Sorry for longer reply time. For the record with the patched kernel I haven't been able to reproduce this. I have been trying for 3 days now. To not when I have been resetting me environment, the original issue this time around actually lead to corrupted root fs after the first oops. Host after the reboot would end up in the emergency shell as rootfs couldn't be mounted.

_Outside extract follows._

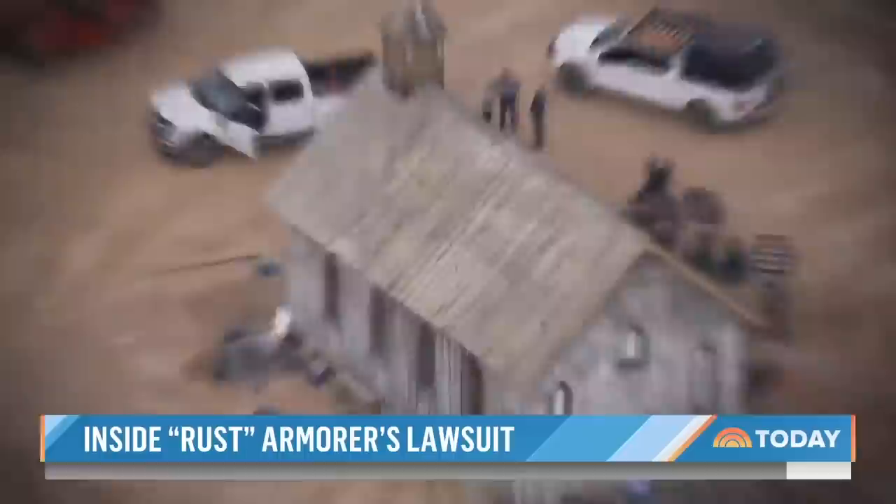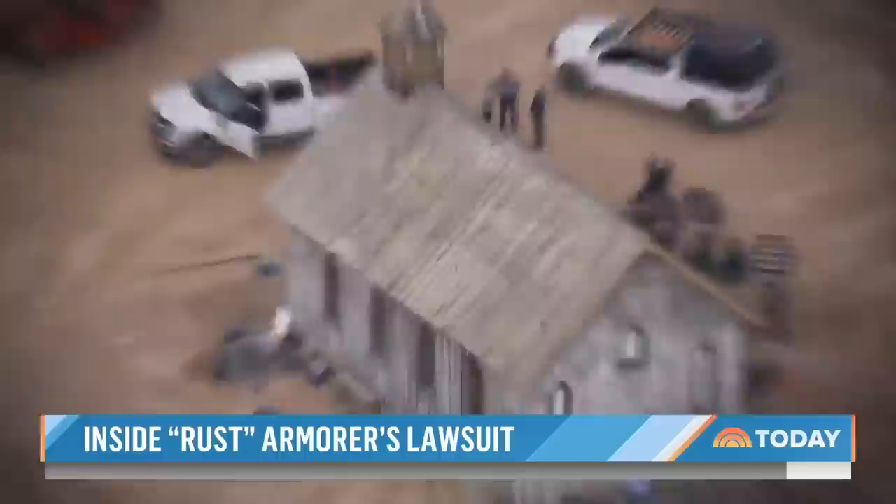Two people were accidentally shot on a movie set. The filing says officers later found seven live rounds in the ammo box.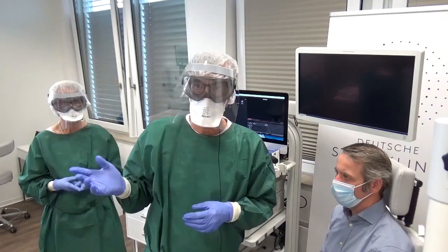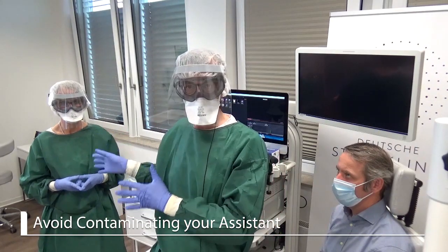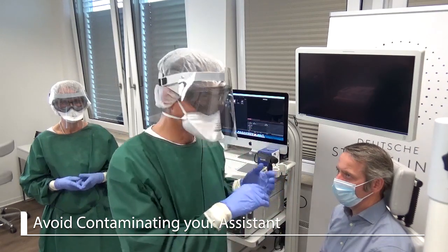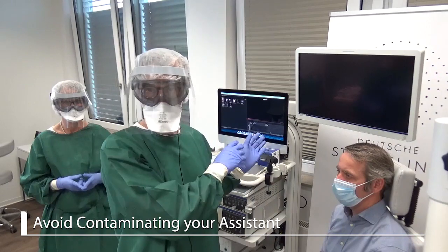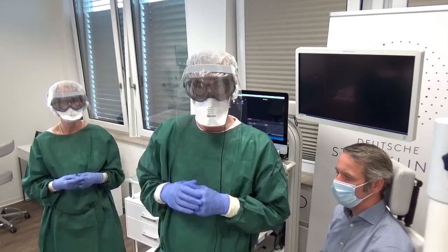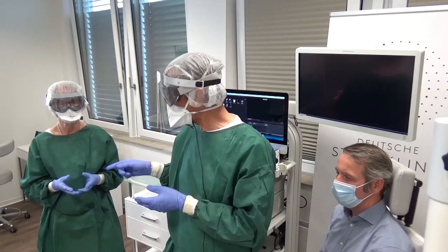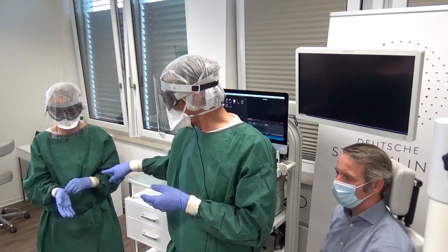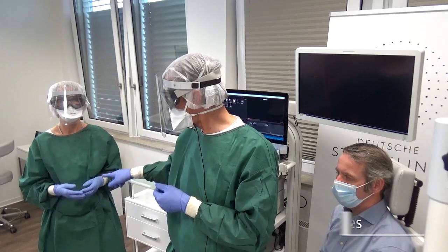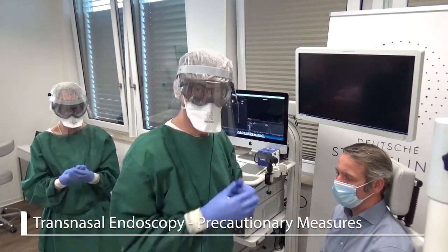The assistant — we always need an assistant. The plan is that the assistant stays non-infected so they can handle all the machines, give me the endoscope, and take the endoscope. Sometimes it happens that the assistant is contaminated, and that's why they also should have two pairs of gloves — the blue one and the yellow one. So let's start with the endoscopy.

The official fix is now in misc-next https://lore.kernel.org/linux-btrfs/20211102124916.433836-1-nborisov@suse.com/
Thanks, pulled in for 5.14.17 and 5.15.1
>this time around actually lead to corrupted root fs Jakub, do you have any of these corrupted file systems still? I'd like to let upstream know more about this particular consequence to the bug, as it might itself be a bug that the kernel and/or btrfs-progs needs to be able to handle better. Can you try to mount such a corrupt file system again and share any btrfs messages that appear in dmesg? Also, 'btrfs check /dev/sdXY' for the corrupted file system would also be helpful.
FEDORA-2021-fdef34e26f has been submitted as an update to Fedora 35. https://bodhi.fedoraproject.org/updates/FEDORA-2021-fdef34e26f
FEDORA-2021-7de33b7016 has been submitted as an update to Fedora 34. https://bodhi.fedoraproject.org/updates/FEDORA-2021-7de33b7016
FEDORA-2021-8364530ebf has been submitted as an update to Fedora 33. https://bodhi.fedoraproject.org/updates/FEDORA-2021-8364530ebf
FEDORA-2021-8364530ebf has been pushed to the Fedora 33 testing repository. Soon you'll be able to install the update with the following command: `sudo dnf upgrade --enablerepo=updates-testing --advisory=FEDORA-2021-8364530ebf` You can provide feedback for this update here: https://bodhi.fedoraproject.org/updates/FEDORA-2021-8364530ebf See also https://fedoraproject.org/wiki/QA:Updates_Testing for more information on how to test updates.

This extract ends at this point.